- [Your assignment]: Starting at the line where "Michigan Upper Peninsula" occurs, reproduce each line through the end of the entries below exactly. Omit every picture.

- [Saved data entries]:
::::
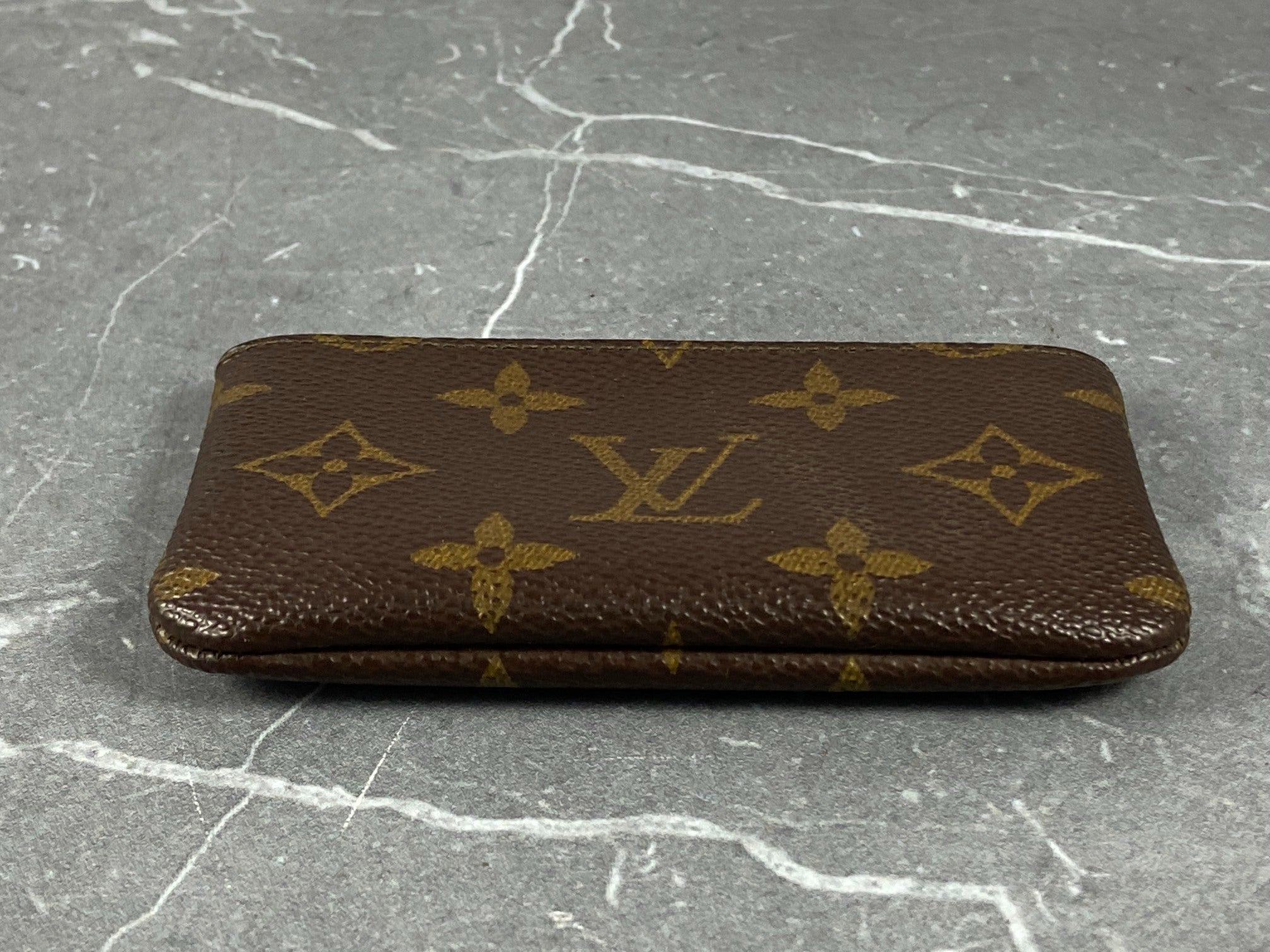 Louis Vuitton Pochette Cles Key Pouch Monogram Canvas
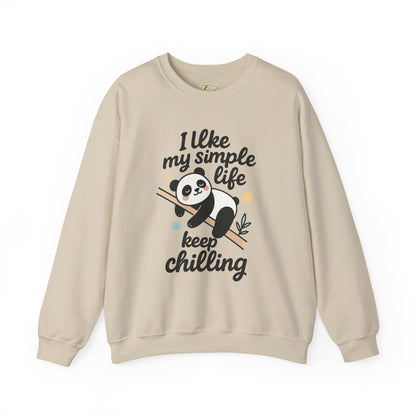 Panda Sweatshirt - Simple Life Graphic Pullover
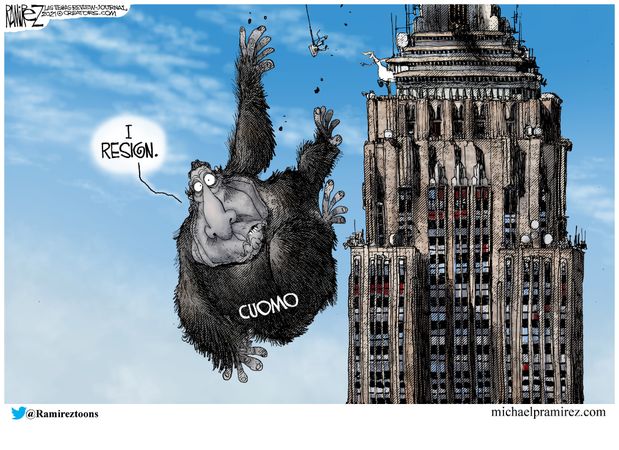 andrew cuomo falls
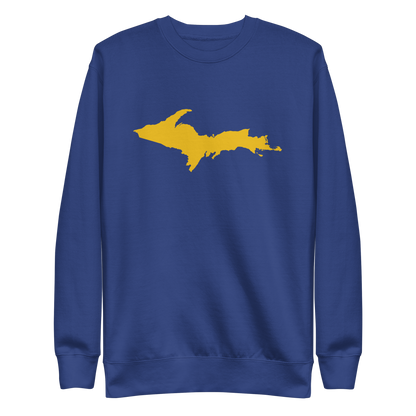 Michigan Upper Peninsula Sweatshirt (w/ Gold UP Outline) | Unisex Premium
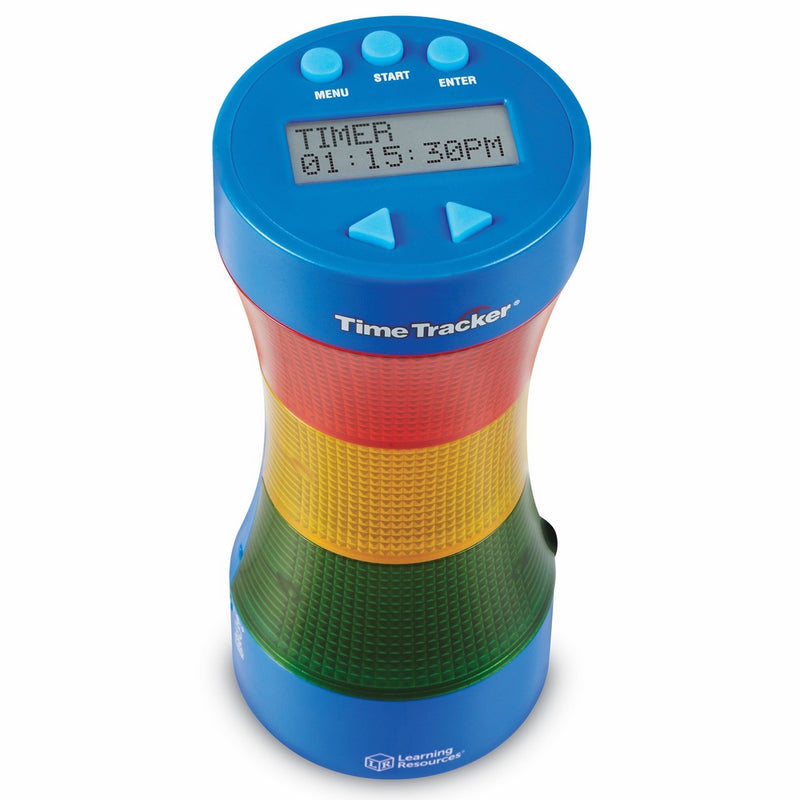 Learning Resources LER6900Time Tracker Visual Timer & Clock, Blue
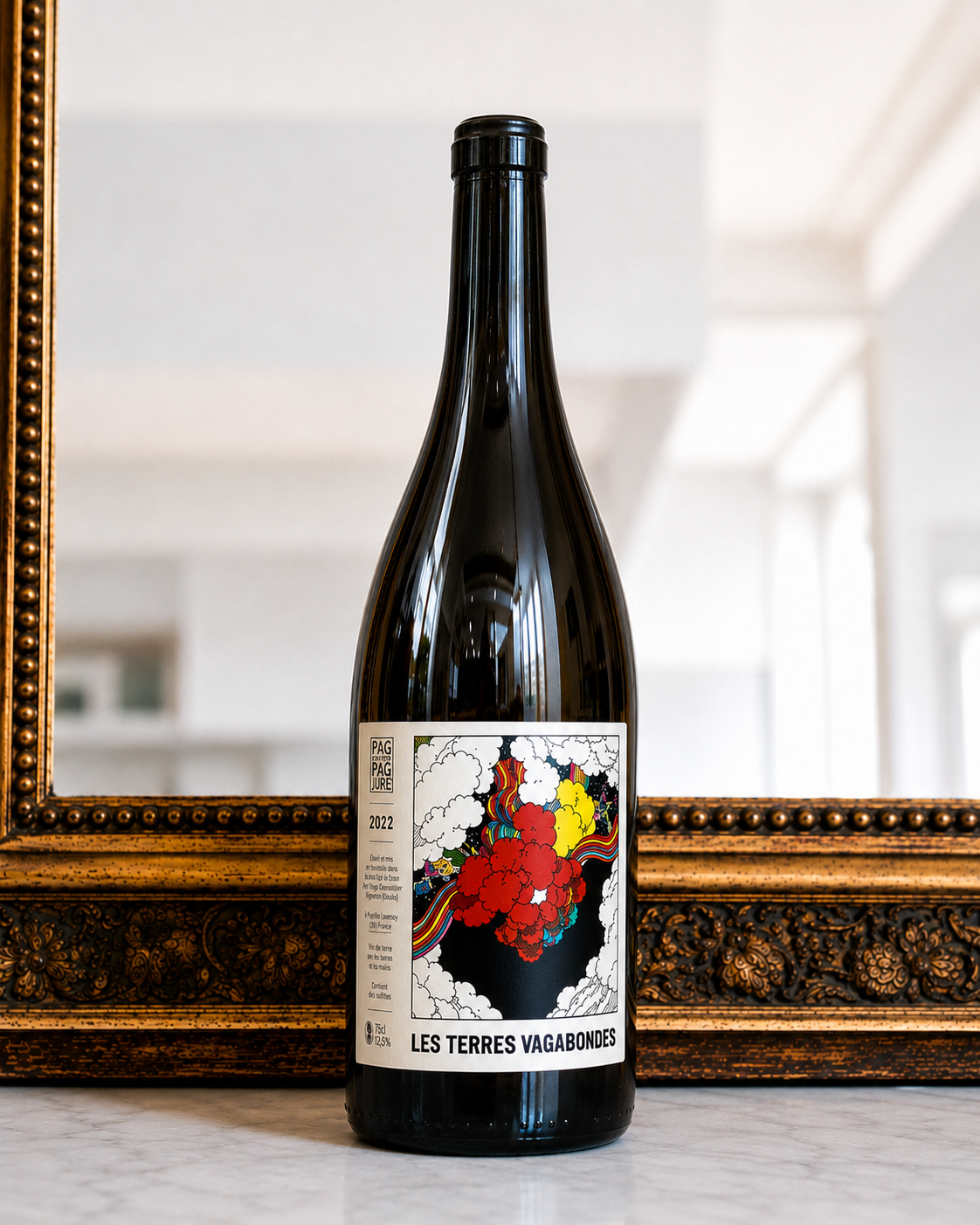 Les Terres Vagabondes 2023 de Hugo Courvoisier, chardonnay du Vignoble du Pagure dans le Doubs.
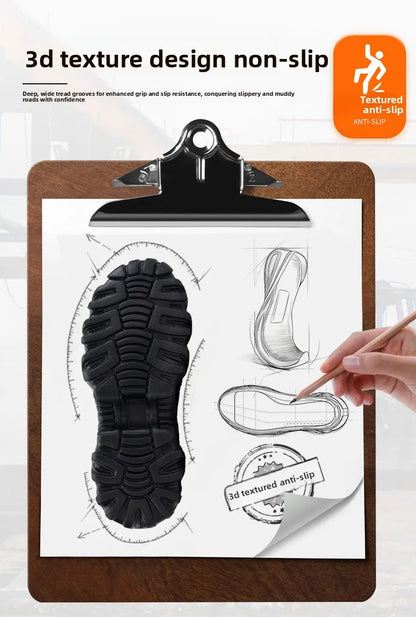 Zapatillas de seguridad con forro polar para hombre y mujer, botas de invierno con punta de acero, gruesas, cálidas, antiaplastamiento, para trabajo, tallas 36-46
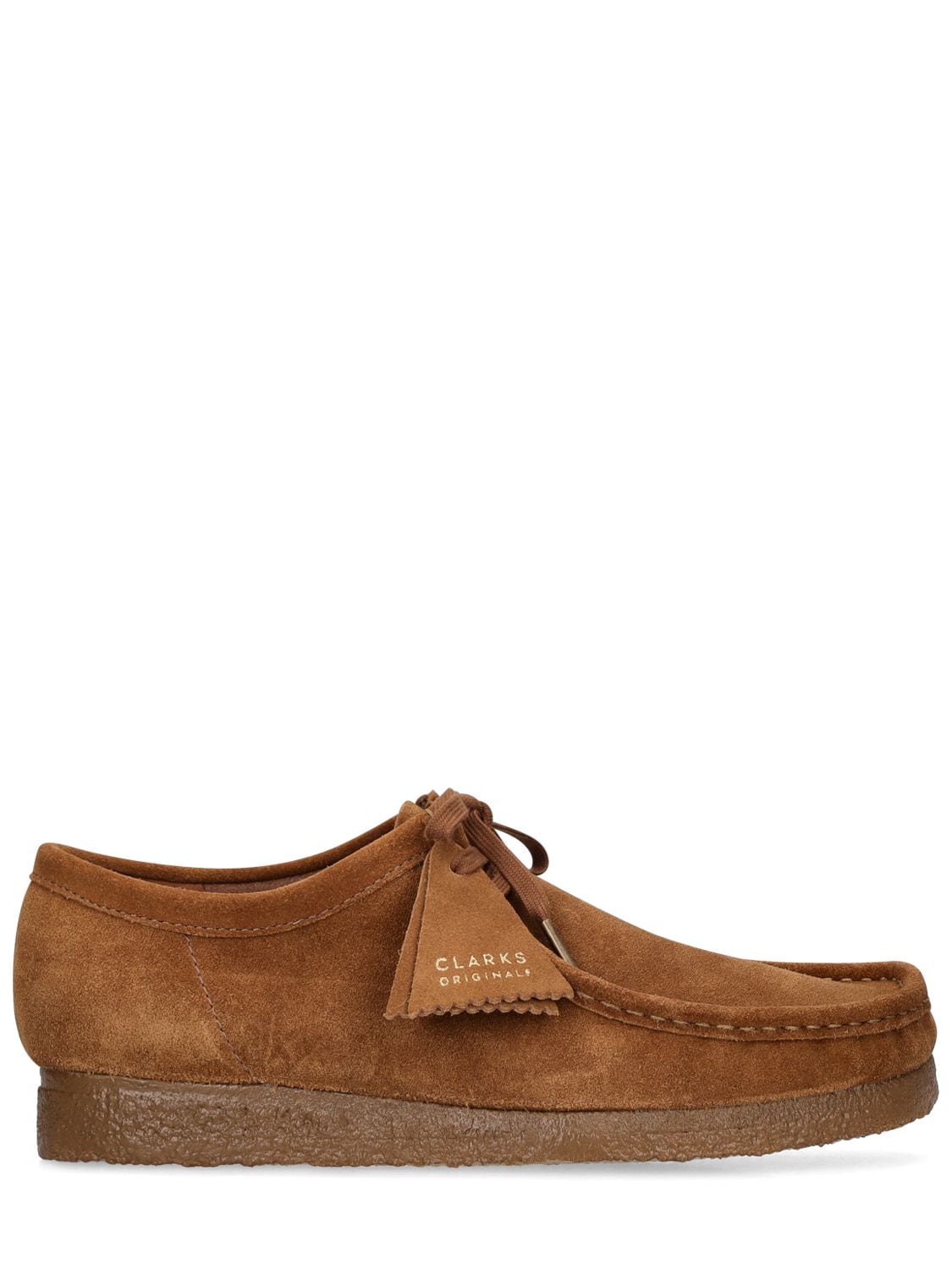 Clarks Originals Wallabee Shoes Oak Hairy Suede In Brown | ModeSens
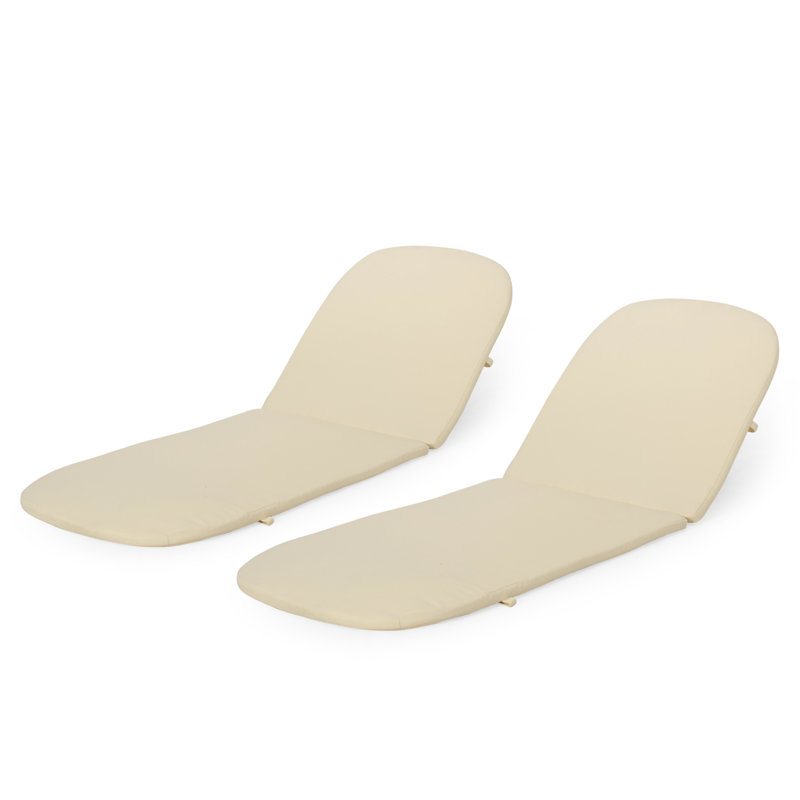 Delano Outdoor 1'' Chaise Lounge Seat Cushion, Beige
::::
- [Answer for this exercise]:
 Michigan Upper Peninsula Sweatshirt (w/ Gold UP Outline) | Unisex Premium
 Learning Resources LER6900Time Tracker Visual Timer & Clock, Blue
 Les Terres Vagabondes 2023 de Hugo Courvoisier, chardonnay du Vignoble du Pagure dans le Doubs.
 Zapatillas de seguridad con forro polar para hombre y mujer, botas de invierno con punta de acero, gruesas, cálidas, antiaplastamiento, para trabajo, tallas 36-46
 Clarks Originals Wallabee Shoes Oak Hairy Suede In Brown | ModeSens
 Delano Outdoor 1'' Chaise Lounge Seat Cushion, Beige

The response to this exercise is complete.